§ Prompt: Output the full listing verbatim.

§ Data records:
################

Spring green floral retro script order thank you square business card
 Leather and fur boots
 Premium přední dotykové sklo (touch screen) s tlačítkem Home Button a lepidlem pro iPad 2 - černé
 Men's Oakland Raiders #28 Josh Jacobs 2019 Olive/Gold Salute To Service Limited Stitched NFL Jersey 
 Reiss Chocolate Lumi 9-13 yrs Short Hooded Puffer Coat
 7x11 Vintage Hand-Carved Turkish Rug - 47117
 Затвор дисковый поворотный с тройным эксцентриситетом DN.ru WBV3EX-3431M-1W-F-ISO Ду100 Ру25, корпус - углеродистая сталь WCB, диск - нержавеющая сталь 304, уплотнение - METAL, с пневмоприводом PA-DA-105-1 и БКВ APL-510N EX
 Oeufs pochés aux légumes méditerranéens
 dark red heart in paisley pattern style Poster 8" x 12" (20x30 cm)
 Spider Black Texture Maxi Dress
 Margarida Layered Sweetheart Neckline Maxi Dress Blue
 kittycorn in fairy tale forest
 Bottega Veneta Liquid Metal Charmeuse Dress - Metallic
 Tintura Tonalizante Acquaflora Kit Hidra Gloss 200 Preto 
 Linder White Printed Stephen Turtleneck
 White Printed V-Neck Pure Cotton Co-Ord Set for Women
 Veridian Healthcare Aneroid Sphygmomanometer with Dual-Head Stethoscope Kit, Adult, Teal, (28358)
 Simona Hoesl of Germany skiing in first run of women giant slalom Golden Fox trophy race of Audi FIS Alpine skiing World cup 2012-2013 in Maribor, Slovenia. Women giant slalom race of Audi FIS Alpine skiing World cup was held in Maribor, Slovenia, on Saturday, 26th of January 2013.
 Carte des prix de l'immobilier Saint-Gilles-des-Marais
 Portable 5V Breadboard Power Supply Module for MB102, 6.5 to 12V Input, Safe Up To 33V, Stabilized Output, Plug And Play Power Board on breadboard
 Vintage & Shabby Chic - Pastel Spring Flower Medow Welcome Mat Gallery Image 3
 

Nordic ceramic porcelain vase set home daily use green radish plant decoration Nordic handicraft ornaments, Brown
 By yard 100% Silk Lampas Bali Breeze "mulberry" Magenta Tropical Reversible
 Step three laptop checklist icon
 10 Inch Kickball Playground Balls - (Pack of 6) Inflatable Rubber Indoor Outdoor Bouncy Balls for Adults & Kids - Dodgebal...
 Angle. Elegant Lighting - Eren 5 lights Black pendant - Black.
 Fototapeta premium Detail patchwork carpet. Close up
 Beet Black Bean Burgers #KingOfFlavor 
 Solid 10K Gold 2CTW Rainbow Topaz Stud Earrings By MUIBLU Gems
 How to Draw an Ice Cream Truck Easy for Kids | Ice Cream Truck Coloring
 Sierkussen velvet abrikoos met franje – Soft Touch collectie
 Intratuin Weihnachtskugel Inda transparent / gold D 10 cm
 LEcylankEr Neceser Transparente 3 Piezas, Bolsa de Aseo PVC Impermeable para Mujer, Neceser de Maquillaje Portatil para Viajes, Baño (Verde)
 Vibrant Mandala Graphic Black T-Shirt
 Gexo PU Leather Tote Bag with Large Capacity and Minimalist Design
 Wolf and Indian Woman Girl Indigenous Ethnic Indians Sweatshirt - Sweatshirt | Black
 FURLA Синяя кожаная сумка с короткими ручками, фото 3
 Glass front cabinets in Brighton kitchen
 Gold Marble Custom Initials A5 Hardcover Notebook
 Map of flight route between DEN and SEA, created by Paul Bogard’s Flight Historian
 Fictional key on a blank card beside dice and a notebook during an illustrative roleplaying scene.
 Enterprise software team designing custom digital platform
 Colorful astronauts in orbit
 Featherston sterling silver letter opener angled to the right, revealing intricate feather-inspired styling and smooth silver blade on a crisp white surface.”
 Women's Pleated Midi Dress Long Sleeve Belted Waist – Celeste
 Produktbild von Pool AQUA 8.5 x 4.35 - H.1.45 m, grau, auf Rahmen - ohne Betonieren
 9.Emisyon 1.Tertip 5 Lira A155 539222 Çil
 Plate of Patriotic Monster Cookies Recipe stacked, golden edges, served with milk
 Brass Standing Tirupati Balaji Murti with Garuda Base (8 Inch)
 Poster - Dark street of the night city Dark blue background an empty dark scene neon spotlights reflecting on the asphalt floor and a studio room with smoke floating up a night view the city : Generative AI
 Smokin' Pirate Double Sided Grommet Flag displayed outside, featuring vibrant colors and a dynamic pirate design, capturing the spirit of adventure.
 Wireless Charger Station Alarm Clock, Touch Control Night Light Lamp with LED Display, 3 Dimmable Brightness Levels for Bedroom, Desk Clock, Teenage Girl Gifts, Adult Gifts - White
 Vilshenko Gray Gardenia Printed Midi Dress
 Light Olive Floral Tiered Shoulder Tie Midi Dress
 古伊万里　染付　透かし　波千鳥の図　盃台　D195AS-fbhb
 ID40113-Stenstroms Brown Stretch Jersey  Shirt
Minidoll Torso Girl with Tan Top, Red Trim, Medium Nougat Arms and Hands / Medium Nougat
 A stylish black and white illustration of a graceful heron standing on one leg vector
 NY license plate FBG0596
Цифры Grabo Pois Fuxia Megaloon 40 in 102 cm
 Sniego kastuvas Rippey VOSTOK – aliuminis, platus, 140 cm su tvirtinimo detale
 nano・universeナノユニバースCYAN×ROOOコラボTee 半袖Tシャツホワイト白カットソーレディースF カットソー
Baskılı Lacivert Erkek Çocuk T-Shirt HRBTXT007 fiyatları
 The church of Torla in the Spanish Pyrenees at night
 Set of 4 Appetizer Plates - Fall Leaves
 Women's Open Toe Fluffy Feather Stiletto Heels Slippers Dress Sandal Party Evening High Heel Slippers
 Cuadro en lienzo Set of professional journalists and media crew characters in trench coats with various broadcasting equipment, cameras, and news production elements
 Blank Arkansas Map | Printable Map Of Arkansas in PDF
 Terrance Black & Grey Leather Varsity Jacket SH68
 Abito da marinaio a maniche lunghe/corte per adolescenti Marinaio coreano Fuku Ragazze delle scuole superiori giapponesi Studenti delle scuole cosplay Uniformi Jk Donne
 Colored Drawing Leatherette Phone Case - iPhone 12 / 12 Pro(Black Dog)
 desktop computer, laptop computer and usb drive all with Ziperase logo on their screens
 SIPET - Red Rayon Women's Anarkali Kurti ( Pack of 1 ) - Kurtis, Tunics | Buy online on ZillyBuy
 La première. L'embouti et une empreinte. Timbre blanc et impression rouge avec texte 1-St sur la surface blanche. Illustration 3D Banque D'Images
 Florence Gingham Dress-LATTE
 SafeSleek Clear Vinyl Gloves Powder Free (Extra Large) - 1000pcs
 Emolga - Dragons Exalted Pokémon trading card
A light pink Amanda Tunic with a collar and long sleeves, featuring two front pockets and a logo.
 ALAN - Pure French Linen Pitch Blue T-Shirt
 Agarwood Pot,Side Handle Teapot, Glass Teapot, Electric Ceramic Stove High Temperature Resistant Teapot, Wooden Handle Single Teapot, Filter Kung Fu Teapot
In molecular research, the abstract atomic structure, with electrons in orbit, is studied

################

§ Result of the task:
Spring green floral retro script order thank you square business card
 Leather and fur boots
 Premium přední dotykové sklo (touch screen) s tlačítkem Home Button a lepidlem pro iPad 2 - černé
 Men's Oakland Raiders #28 Josh Jacobs 2019 Olive/Gold Salute To Service Limited Stitched NFL Jersey 
 Reiss Chocolate Lumi 9-13 yrs Short Hooded Puffer Coat
 7x11 Vintage Hand-Carved Turkish Rug - 47117
 Затвор дисковый поворотный с тройным эксцентриситетом DN.ru WBV3EX-3431M-1W-F-ISO Ду100 Ру25, корпус - углеродистая сталь WCB, диск - нержавеющая сталь 304, уплотнение - METAL, с пневмоприводом PA-DA-105-1 и БКВ APL-510N EX
 Oeufs pochés aux légumes méditerranéens
 dark red heart in paisley pattern style Poster 8" x 12" (20x30 cm)
 Spider Black Texture Maxi Dress
 Margarida Layered Sweetheart Neckline Maxi Dress Blue
 kittycorn in fairy tale forest
 Bottega Veneta Liquid Metal Charmeuse Dress - Metallic
 Tintura Tonalizante Acquaflora Kit Hidra Gloss 200 Preto 
 Linder White Printed Stephen Turtleneck
 White Printed V-Neck Pure Cotton Co-Ord Set for Women
 Veridian Healthcare Aneroid Sphygmomanometer with Dual-Head Stethoscope Kit, Adult, Teal, (28358)
 Simona Hoesl of Germany skiing in first run of women giant slalom Golden Fox trophy race of Audi FIS Alpine skiing World cup 2012-2013 in Maribor, Slovenia. Women giant slalom race of Audi FIS Alpine skiing World cup was held in Maribor, Slovenia, on Saturday, 26th of January 2013.
 Carte des prix de l'immobilier Saint-Gilles-des-Marais
 Portable 5V Breadboard Power Supply Module for MB102, 6.5 to 12V Input, Safe Up To 33V, Stabilized Output, Plug And Play Power Board on breadboard
 Vintage & Shabby Chic - Pastel Spring Flower Medow Welcome Mat Gallery Image 3
 

Nordic ceramic porcelain vase set home daily use green radish plant decoration Nordic handicraft ornaments, Brown
 By yard 100% Silk Lampas Bali Breeze "mulberry" Magenta Tropical Reversible
 Step three laptop checklist icon
 10 Inch Kickball Playground Balls - (Pack of 6) Inflatable Rubber Indoor Outdoor Bouncy Balls for Adults & Kids - Dodgebal...
 Angle. Elegant Lighting - Eren 5 lights Black pendant - Black.
 Fototapeta premium Detail patchwork carpet. Close up
 Beet Black Bean Burgers #KingOfFlavor 
 Solid 10K Gold 2CTW Rainbow Topaz Stud Earrings By MUIBLU Gems
 How to Draw an Ice Cream Truck Easy for Kids | Ice Cream Truck Coloring
 Sierkussen velvet abrikoos met franje – Soft Touch collectie
 Intratuin Weihnachtskugel Inda transparent / gold D 10 cm
 LEcylankEr Neceser Transparente 3 Piezas, Bolsa de Aseo PVC Impermeable para Mujer, Neceser de Maquillaje Portatil para Viajes, Baño (Verde)
 Vibrant Mandala Graphic Black T-Shirt
 Gexo PU Leather Tote Bag with Large Capacity and Minimalist Design
 Wolf and Indian Woman Girl Indigenous Ethnic Indians Sweatshirt - Sweatshirt | Black
 FURLA Синяя кожаная сумка с короткими ручками, фото 3
 Glass front cabinets in Brighton kitchen
 Gold Marble Custom Initials A5 Hardcover Notebook
 Map of flight route between DEN and SEA, created by Paul Bogard’s Flight Historian
 Fictional key on a blank card beside dice and a notebook during an illustrative roleplaying scene.
 Enterprise software team designing custom digital platform
 Colorful astronauts in orbit
 Featherston sterling silver letter opener angled to the right, revealing intricate feather-inspired styling and smooth silver blade on a crisp white surface.”
 Women's Pleated Midi Dress Long Sleeve Belted Waist – Celeste
 Produktbild von Pool AQUA 8.5 x 4.35 - H.1.45 m, grau, auf Rahmen - ohne Betonieren
 9.Emisyon 1.Tertip 5 Lira A155 539222 Çil
 Plate of Patriotic Monster Cookies Recipe stacked, golden edges, served with milk
 Brass Standing Tirupati Balaji Murti with Garuda Base (8 Inch)
 Poster - Dark street of the night city Dark blue background an empty dark scene neon spotlights reflecting on the asphalt floor and a studio room with smoke floating up a night view the city : Generative AI
 Smokin' Pirate Double Sided Grommet Flag displayed outside, featuring vibrant colors and a dynamic pirate design, capturing the spirit of adventure.
 Wireless Charger Station Alarm Clock, Touch Control Night Light Lamp with LED Display, 3 Dimmable Brightness Levels for Bedroom, Desk Clock, Teenage Girl Gifts, Adult Gifts - White
 Vilshenko Gray Gardenia Printed Midi Dress
 Light Olive Floral Tiered Shoulder Tie Midi Dress
 古伊万里　染付　透かし　波千鳥の図　盃台　D195AS-fbhb
 ID40113-Stenstroms Brown Stretch Jersey  Shirt
Minidoll Torso Girl with Tan Top, Red Trim, Medium Nougat Arms and Hands / Medium Nougat
 A stylish black and white illustration of a graceful heron standing on one leg vector
 NY license plate FBG0596
Цифры Grabo Pois Fuxia Megaloon 40 in 102 cm
 Sniego kastuvas Rippey VOSTOK – aliuminis, platus, 140 cm su tvirtinimo detale
 nano・universeナノユニバースCYAN×ROOOコラボTee 半袖Tシャツホワイト白カットソーレディースF カットソー
Baskılı Lacivert Erkek Çocuk T-Shirt HRBTXT007 fiyatları
 The church of Torla in the Spanish Pyrenees at night
 Set of 4 Appetizer Plates - Fall Leaves
 Women's Open Toe Fluffy Feather Stiletto Heels Slippers Dress Sandal Party Evening High Heel Slippers
 Cuadro en lienzo Set of professional journalists and media crew characters in trench coats with various broadcasting equipment, cameras, and news production elements
 Blank Arkansas Map | Printable Map Of Arkansas in PDF
 Terrance Black & Grey Leather Varsity Jacket SH68
 Abito da marinaio a maniche lunghe/corte per adolescenti Marinaio coreano Fuku Ragazze delle scuole superiori giapponesi Studenti delle scuole cosplay Uniformi Jk Donne
 Colored Drawing Leatherette Phone Case - iPhone 12 / 12 Pro(Black Dog)
 desktop computer, laptop computer and usb drive all with Ziperase logo on their screens
 SIPET - Red Rayon Women's Anarkali Kurti ( Pack of 1 ) - Kurtis, Tunics | Buy online on ZillyBuy
 La première. L'embouti et une empreinte. Timbre blanc et impression rouge avec texte 1-St sur la surface blanche. Illustration 3D Banque D'Images
 Florence Gingham Dress-LATTE
 SafeSleek Clear Vinyl Gloves Powder Free (Extra Large) - 1000pcs
 Emolga - Dragons Exalted Pokémon trading card
A light pink Amanda Tunic with a collar and long sleeves, featuring two front pockets and a logo.
 ALAN - Pure French Linen Pitch Blue T-Shirt
 Agarwood Pot,Side Handle Teapot, Glass Teapot, Electric Ceramic Stove High Temperature Resistant Teapot, Wooden Handle Single Teapot, Filter Kung Fu Teapot
In molecular research, the abstract atomic structure, with electrons in orbit, is studied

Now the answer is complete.